**AIM OF THE TASK:** In the entries that follow, the first line to write out is the one containing "محاضرة د هبة", and the last is the one containing "微信账号冻结和解冻图文课程". Reproduce that stretch exactly, with nothing before or after it.

▽

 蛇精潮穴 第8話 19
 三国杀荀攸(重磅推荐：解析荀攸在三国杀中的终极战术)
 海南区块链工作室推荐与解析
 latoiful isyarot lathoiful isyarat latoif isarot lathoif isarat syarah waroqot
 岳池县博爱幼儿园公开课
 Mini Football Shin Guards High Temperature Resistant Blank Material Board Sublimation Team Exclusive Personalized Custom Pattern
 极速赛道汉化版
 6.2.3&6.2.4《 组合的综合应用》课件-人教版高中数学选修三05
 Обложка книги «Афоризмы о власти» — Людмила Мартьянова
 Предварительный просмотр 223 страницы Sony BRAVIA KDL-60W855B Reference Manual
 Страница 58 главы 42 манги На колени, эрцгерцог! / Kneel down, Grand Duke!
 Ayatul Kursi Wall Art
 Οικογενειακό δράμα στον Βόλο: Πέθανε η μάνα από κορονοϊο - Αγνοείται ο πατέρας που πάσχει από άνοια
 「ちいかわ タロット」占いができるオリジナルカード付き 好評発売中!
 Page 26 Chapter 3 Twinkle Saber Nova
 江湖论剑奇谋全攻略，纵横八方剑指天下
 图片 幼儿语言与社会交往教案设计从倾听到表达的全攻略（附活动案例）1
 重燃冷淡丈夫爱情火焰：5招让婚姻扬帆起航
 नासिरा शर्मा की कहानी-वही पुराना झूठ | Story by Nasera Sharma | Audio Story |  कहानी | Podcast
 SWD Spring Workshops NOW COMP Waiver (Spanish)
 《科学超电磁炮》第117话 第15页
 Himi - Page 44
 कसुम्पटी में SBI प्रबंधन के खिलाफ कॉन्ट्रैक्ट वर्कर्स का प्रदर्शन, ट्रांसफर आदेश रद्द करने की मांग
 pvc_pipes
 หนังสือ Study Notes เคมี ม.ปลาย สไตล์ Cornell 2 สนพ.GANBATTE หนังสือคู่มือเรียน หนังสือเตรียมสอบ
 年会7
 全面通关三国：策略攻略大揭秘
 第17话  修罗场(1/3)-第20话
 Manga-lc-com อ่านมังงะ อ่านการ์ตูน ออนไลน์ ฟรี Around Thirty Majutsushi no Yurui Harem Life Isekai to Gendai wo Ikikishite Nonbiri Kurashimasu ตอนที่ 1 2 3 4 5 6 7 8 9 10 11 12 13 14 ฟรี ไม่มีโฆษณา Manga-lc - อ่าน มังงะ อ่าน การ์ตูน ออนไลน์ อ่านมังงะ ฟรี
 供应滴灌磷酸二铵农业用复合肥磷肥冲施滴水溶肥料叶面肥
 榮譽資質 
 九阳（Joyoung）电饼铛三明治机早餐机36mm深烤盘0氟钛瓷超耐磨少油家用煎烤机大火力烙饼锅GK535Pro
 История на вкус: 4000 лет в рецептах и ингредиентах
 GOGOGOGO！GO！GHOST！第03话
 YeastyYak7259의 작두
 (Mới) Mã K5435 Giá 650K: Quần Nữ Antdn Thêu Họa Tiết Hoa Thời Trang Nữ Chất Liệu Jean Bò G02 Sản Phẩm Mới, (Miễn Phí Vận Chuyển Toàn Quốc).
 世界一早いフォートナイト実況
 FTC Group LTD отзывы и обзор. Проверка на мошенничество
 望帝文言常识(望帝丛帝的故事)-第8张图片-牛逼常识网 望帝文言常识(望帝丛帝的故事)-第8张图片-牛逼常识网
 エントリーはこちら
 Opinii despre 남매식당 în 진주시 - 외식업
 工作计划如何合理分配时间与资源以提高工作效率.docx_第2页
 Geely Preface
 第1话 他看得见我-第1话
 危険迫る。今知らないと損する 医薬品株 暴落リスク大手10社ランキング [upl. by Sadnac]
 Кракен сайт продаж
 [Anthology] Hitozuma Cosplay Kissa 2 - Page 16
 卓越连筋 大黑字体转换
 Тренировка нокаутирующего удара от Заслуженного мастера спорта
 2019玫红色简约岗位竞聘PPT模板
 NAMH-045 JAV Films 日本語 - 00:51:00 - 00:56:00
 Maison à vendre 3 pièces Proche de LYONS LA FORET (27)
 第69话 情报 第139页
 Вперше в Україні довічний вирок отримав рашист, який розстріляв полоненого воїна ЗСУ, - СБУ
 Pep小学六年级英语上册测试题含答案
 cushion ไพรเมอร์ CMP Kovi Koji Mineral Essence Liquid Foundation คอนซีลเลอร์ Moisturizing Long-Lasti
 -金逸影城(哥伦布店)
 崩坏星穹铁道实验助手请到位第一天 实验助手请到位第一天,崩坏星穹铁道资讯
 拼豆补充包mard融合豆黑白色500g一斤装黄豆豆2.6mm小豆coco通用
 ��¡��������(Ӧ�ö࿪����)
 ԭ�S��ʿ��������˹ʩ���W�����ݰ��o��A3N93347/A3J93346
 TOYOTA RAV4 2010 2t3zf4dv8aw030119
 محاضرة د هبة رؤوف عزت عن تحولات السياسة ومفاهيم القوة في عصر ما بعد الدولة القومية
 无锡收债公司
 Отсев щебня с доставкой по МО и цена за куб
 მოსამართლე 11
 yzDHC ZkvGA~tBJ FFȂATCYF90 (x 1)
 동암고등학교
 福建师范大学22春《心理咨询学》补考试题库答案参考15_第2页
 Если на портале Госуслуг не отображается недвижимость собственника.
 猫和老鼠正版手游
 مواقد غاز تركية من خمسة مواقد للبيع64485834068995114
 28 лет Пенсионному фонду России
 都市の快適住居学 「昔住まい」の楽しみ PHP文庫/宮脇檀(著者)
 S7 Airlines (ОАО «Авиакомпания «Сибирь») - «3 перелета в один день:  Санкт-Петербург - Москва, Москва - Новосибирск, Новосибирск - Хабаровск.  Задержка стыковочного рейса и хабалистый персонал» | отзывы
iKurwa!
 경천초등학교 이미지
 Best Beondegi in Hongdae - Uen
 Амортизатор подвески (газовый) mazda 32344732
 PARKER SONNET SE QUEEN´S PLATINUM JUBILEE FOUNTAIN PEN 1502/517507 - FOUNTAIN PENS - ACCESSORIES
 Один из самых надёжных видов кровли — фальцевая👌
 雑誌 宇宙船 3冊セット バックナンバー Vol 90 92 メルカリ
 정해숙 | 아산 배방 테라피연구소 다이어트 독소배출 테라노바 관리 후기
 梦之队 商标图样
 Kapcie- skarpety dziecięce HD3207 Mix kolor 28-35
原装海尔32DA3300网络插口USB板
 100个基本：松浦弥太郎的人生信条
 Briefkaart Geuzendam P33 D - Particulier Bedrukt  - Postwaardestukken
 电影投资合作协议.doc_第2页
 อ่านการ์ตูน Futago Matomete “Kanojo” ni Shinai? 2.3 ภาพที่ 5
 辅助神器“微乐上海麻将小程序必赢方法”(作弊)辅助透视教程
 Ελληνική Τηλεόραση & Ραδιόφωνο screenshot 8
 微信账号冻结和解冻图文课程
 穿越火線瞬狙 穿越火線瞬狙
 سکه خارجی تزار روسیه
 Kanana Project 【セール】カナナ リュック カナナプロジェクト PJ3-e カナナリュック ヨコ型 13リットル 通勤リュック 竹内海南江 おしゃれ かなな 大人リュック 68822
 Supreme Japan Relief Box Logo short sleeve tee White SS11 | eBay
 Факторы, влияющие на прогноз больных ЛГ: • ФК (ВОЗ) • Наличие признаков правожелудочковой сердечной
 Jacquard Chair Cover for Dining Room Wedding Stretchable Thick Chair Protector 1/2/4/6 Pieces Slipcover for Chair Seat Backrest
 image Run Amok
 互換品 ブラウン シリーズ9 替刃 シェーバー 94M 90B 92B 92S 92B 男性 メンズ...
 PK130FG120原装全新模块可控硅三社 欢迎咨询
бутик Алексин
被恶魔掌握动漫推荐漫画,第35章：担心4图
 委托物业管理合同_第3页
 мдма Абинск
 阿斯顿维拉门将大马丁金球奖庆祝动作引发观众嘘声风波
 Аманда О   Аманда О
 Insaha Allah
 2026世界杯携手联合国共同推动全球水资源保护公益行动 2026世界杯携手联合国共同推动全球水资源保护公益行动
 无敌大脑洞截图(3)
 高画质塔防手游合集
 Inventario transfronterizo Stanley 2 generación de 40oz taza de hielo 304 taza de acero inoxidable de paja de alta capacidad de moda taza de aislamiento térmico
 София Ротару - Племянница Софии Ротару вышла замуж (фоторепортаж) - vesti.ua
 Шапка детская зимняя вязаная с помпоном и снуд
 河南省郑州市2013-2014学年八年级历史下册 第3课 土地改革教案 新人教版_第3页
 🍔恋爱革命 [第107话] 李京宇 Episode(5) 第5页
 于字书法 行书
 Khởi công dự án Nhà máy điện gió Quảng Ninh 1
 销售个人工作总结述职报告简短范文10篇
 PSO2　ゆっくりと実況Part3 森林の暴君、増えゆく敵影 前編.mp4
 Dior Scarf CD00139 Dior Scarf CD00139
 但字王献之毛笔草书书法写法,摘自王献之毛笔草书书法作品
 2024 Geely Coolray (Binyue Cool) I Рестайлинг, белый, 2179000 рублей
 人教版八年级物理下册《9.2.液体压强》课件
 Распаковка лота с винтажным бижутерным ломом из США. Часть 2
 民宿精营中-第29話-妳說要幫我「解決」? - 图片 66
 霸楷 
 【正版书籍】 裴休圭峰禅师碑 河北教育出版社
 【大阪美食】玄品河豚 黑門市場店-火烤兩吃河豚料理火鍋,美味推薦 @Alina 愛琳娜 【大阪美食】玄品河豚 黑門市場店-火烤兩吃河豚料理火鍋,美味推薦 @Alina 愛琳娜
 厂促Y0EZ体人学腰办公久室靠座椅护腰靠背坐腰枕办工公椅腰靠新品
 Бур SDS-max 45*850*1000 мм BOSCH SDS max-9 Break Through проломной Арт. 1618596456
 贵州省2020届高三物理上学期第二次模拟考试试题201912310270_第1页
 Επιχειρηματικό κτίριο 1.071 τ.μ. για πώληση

△

**WRITTEN ANSWER:**
 محاضرة د هبة رؤوف عزت عن تحولات السياسة ومفاهيم القوة في عصر ما بعد الدولة القومية
 无锡收债公司
 Отсев щебня с доставкой по МО и цена за куб
 მოსამართლე 11
 yzDHC ZkvGA~tBJ FFȂATCYF90 (x 1)
 동암고등학교
 福建师范大学22春《心理咨询学》补考试题库答案参考15_第2页
 Если на портале Госуслуг не отображается недвижимость собственника.
 猫和老鼠正版手游
 مواقد غاز تركية من خمسة مواقد للبيع64485834068995114
 28 лет Пенсионному фонду России
 都市の快適住居学 「昔住まい」の楽しみ PHP文庫/宮脇檀(著者)
 S7 Airlines (ОАО «Авиакомпания «Сибирь») - «3 перелета в один день:  Санкт-Петербург - Москва, Москва - Новосибирск, Новосибирск - Хабаровск.  Задержка стыковочного рейса и хабалистый персонал» | отзывы
iKurwa!
 경천초등학교 이미지
 Best Beondegi in Hongdae - Uen
 Амортизатор подвески (газовый) mazda 32344732
 PARKER SONNET SE QUEEN´S PLATINUM JUBILEE FOUNTAIN PEN 1502/517507 - FOUNTAIN PENS - ACCESSORIES
 Один из самых надёжных видов кровли — фальцевая👌
 雑誌 宇宙船 3冊セット バックナンバー Vol 90 92 メルカリ
 정해숙 | 아산 배방 테라피연구소 다이어트 독소배출 테라노바 관리 후기
 梦之队 商标图样
 Kapcie- skarpety dziecięce HD3207 Mix kolor 28-35
原装海尔32DA3300网络插口USB板
 100个基本：松浦弥太郎的人生信条
 Briefkaart Geuzendam P33 D - Particulier Bedrukt  - Postwaardestukken
 电影投资合作协议.doc_第2页
 อ่านการ์ตูน Futago Matomete “Kanojo” ni Shinai? 2.3 ภาพที่ 5
 辅助神器“微乐上海麻将小程序必赢方法”(作弊)辅助透视教程
 Ελληνική Τηλεόραση & Ραδιόφωνο screenshot 8
 微信账号冻结和解冻图文课程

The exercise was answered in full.